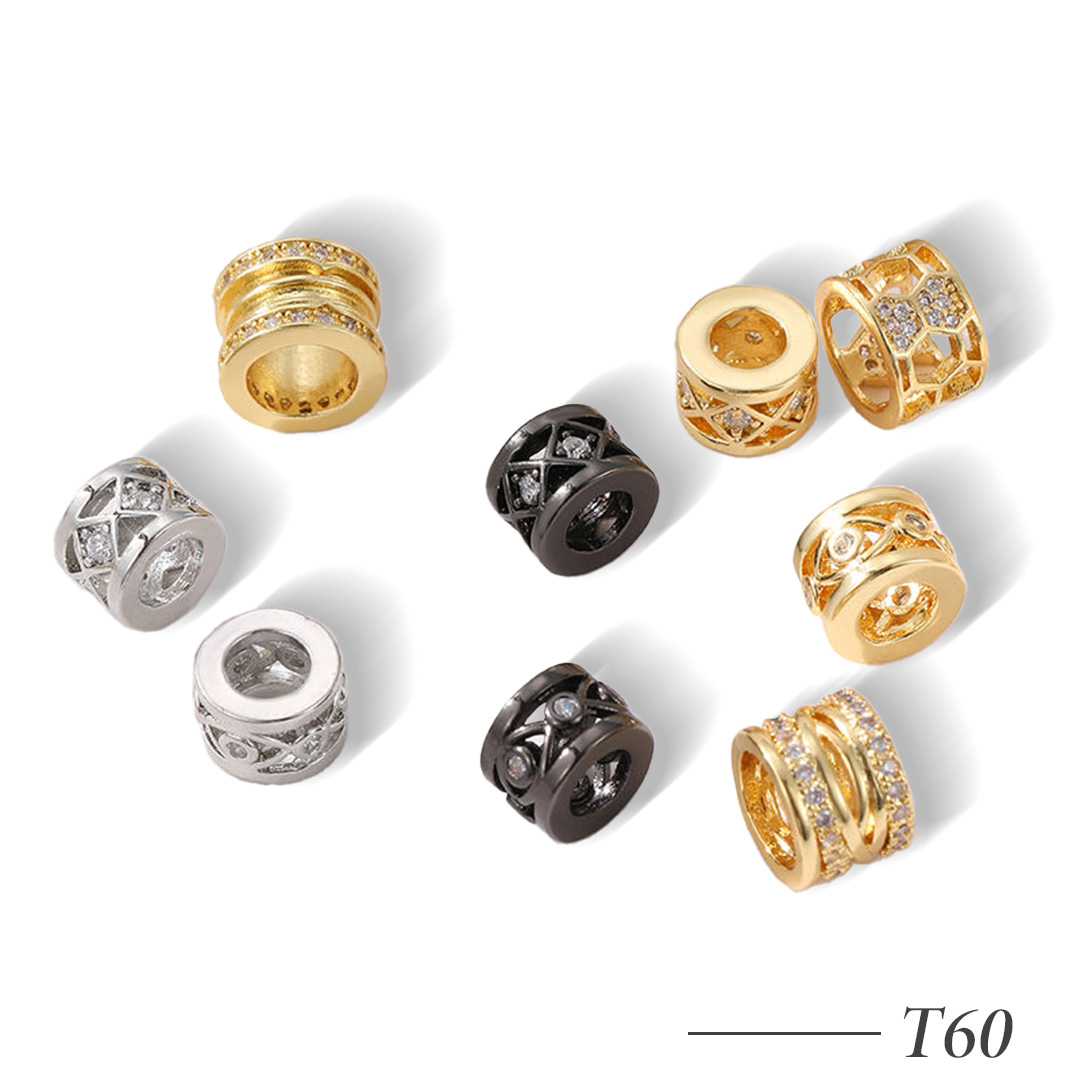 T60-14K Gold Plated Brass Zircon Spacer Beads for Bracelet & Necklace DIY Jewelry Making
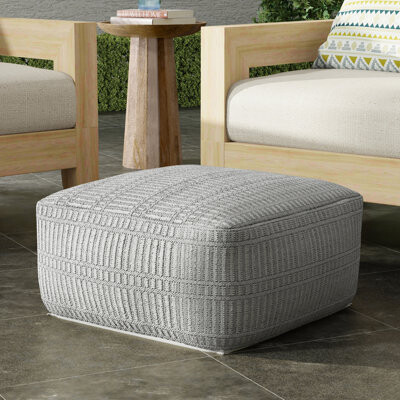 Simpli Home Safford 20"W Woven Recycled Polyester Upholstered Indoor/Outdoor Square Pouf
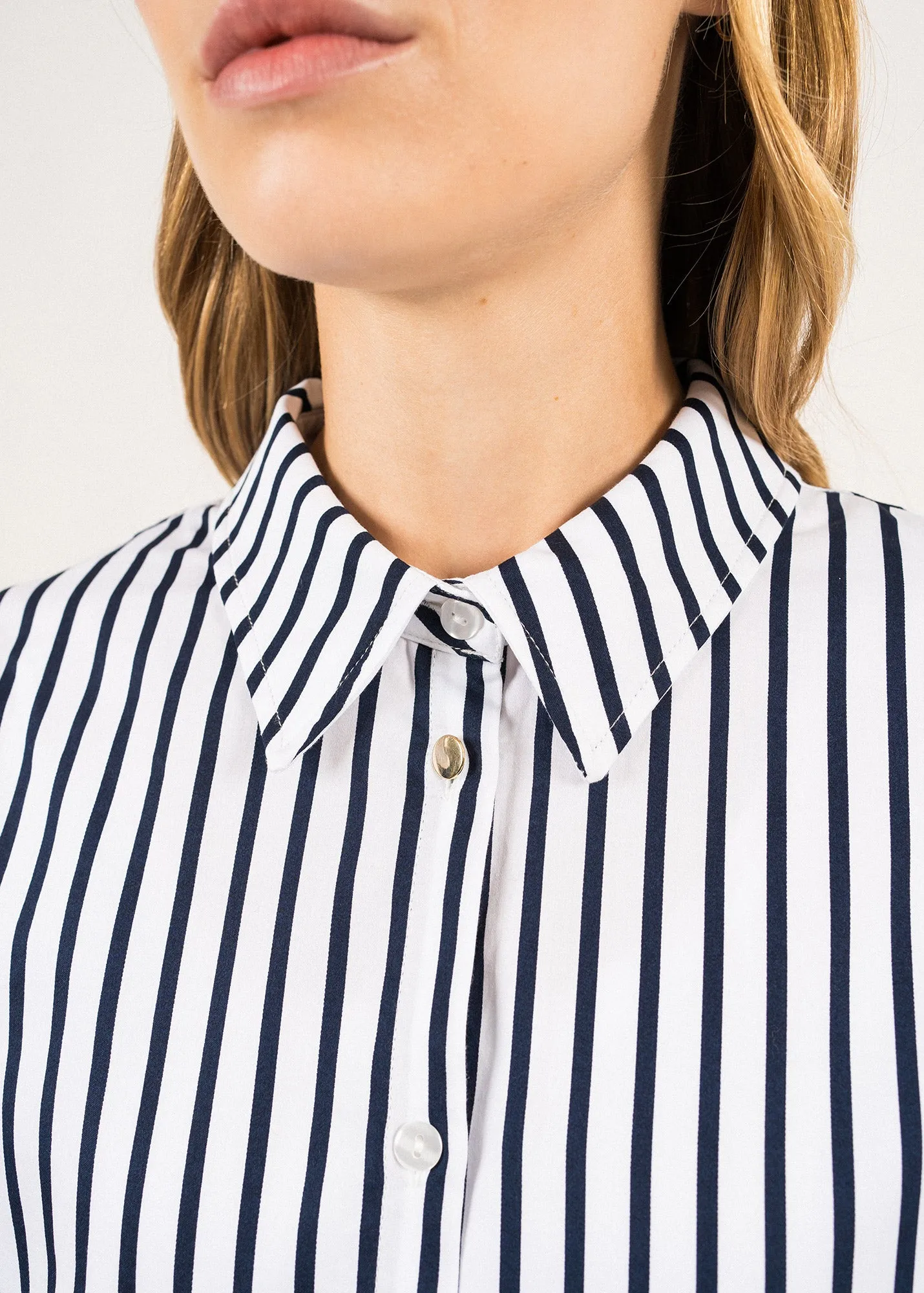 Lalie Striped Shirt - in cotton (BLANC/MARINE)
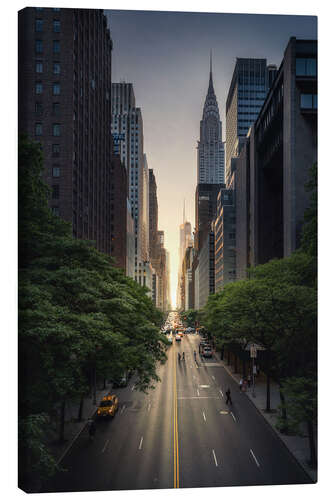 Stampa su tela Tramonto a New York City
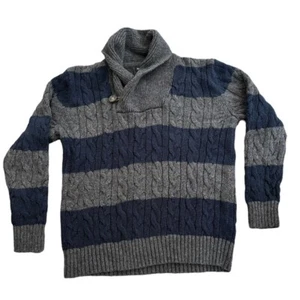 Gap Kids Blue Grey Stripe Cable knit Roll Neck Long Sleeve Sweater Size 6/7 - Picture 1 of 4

---*---

_Exercise prompt_. What is needed is a word-for-word copy of the lines from the one containing "Stampa su tela Tramonto a New York City" through the final line of the records above, both included, with the pictures left out.

_Task answer_.
 Stampa su tela Tramonto a New York City
 Gap Kids Blue Grey Stripe Cable knit Roll Neck Long Sleeve Sweater Size 6/7 - Picture 1 of 4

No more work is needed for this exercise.